関ヶ原の戦い以後、徳川家に従うようになった大名のこと。


2.井伊家は政治より軍事を任されていた
この譜代大名の代表的な存在として、「徳川四天王」という呼び方がある。酒井家、本多家、榊原家、井伊家の四家のことである。

この四家は、酒井は庄内、井伊は彦根、また本多や榊原は姫路に置かれている。つまり、いずれも関東・東海地方を守り、外敵の侵入を迎え撃つ重要な軍事拠点に置かれている。

この事実を考えると、実は譜代大名にとっても、政治よりも軍事が上ということになると考えられる。有事の際には城に立てこもり、敵の攻撃を食い止めて、関東・東海地方に敵が侵入してくるのを防ぐのである。

そして、味方が援軍を出す時間を稼ぎながら、いざとなれば城を枕に討ち死にする。そのような軍事的行動を担う譜代大名のほうが、日本全国の政治を執り仕切った老中よりも事実上、徳川幕府においては各位は上と想定できる。
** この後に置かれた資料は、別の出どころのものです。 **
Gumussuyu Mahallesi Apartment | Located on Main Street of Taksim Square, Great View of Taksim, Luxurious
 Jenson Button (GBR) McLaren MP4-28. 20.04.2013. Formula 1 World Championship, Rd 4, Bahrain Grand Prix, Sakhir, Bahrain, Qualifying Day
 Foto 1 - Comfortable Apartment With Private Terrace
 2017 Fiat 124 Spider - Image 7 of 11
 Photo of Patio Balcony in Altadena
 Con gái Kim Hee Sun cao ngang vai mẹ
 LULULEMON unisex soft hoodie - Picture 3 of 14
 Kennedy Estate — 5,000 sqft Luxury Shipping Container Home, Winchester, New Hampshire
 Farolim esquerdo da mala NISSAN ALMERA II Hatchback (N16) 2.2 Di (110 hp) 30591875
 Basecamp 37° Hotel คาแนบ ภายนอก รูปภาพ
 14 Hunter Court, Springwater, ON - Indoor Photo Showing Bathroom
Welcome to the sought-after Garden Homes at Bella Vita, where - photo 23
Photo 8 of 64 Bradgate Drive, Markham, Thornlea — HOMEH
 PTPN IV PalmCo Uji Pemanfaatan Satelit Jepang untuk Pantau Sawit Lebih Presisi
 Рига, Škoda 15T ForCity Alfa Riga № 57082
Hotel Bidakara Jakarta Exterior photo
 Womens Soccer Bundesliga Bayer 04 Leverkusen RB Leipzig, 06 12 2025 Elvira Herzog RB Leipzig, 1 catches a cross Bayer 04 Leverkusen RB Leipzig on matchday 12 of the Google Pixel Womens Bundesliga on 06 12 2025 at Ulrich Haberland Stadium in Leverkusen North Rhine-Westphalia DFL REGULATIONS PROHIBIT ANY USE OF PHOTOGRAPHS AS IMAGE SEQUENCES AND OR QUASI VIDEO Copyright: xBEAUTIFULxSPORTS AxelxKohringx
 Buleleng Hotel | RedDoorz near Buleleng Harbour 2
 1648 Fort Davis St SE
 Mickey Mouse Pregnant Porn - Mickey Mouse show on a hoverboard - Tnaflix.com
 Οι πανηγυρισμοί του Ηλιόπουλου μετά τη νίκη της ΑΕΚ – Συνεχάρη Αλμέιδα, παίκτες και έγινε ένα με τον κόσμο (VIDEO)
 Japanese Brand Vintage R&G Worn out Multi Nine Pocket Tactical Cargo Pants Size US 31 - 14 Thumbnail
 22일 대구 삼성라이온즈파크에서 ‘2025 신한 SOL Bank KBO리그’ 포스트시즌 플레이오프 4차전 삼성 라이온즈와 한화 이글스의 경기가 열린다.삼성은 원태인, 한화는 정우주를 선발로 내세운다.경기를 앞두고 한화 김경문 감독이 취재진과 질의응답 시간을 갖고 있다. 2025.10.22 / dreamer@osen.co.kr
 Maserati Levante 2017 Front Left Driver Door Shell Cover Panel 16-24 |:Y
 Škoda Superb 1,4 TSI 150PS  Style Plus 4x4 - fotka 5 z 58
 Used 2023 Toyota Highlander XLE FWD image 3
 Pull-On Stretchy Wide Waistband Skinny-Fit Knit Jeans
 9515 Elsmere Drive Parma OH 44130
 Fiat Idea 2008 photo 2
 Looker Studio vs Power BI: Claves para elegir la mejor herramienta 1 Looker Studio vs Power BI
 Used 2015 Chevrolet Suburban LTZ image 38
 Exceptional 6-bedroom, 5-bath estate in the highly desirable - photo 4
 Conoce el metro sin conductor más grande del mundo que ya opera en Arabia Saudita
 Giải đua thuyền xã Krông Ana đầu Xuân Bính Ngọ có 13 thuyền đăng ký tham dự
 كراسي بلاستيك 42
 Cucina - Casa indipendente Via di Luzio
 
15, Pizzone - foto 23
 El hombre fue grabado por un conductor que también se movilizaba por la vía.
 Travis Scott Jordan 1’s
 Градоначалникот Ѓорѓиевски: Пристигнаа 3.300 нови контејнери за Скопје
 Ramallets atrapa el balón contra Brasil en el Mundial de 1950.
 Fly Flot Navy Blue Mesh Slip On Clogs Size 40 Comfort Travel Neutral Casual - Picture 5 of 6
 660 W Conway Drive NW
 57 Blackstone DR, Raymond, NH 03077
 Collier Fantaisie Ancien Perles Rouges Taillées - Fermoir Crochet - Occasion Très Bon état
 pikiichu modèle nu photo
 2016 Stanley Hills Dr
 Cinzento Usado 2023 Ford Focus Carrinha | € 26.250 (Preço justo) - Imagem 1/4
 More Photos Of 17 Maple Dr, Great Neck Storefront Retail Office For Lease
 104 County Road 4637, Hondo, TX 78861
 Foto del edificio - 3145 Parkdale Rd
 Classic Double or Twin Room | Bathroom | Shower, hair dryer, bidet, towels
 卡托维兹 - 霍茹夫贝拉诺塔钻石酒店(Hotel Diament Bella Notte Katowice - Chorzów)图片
酒井、本多、榊原は、原則として老中など政治の役職に就かず、幕府政治には関わらなかった。井伊の場合は大老になっているが、これは言うなれば名誉職のようなものである。


3.なぜ家康は江戸を拠点としたのか
家康は軍事的にさまざまな備えをしていることがよくわかる。

家康は、関東・東海地方を徳川の譜代大名で固め、江戸を攻められないように画策した。

家康は信長、秀吉とは異なり、京都・大坂といった畿内には近づかなかった。

家康が、江戸を自分の政権の拠点として選んだ理由は、西や北の敵から守りやすかったからではないかと思われる。

家康は1605年、征夷大将軍の職を秀忠に譲り、江戸を離れて駿府に移った。江戸の秀忠、駿府の家康という二頭政治的体制を取ったが、大御所として政治の実権を握り続けた。

家康の後、代々野将軍が、江戸に居住したことで、江戸が徳川政権の根拠地として確立されることになった。


4.徳川家康が優れていたこと
徳川家康は、生涯を通して、飽くことなく勉強を続けた人物だった。


家康は自分の足りないところを補うために、学者や学僧、あるいはヨーロッパ人からも学んだ。儒学者の藤原惺窩せいかの講義を受け、彼の弟子の林羅山を家臣とした。また、僧侶の天海や金地院崇伝、ヨーロッパ人のヤン・ヨーステン(耶揚子)やウィリアム・アダムズ(三浦按針)らをブレーンとした。

5.家康は慎重に幕府を築いていった
家康は関ヶ原の戦い以降は、大きな波乱を生じさせないで政権を確立しようとした。

島津家や上杉家、毛利家もつぶさなかった。信長のようにドラスティックに物事を進めると当然、反発も大きくなる。一方、家康は石橋を叩いて渡る、大変に慎重なタイプだと言える。

家康による江戸幕府の統治は、家康個人の精神的な成熟もあって、あまり無茶をせず、抑えるところは抑えながら現状を追認していくかたちで行われていったと考えられる。

家康あってこそ、江戸幕府は強固な統治体制を築くことができたりそう言っても過言ではないと思う。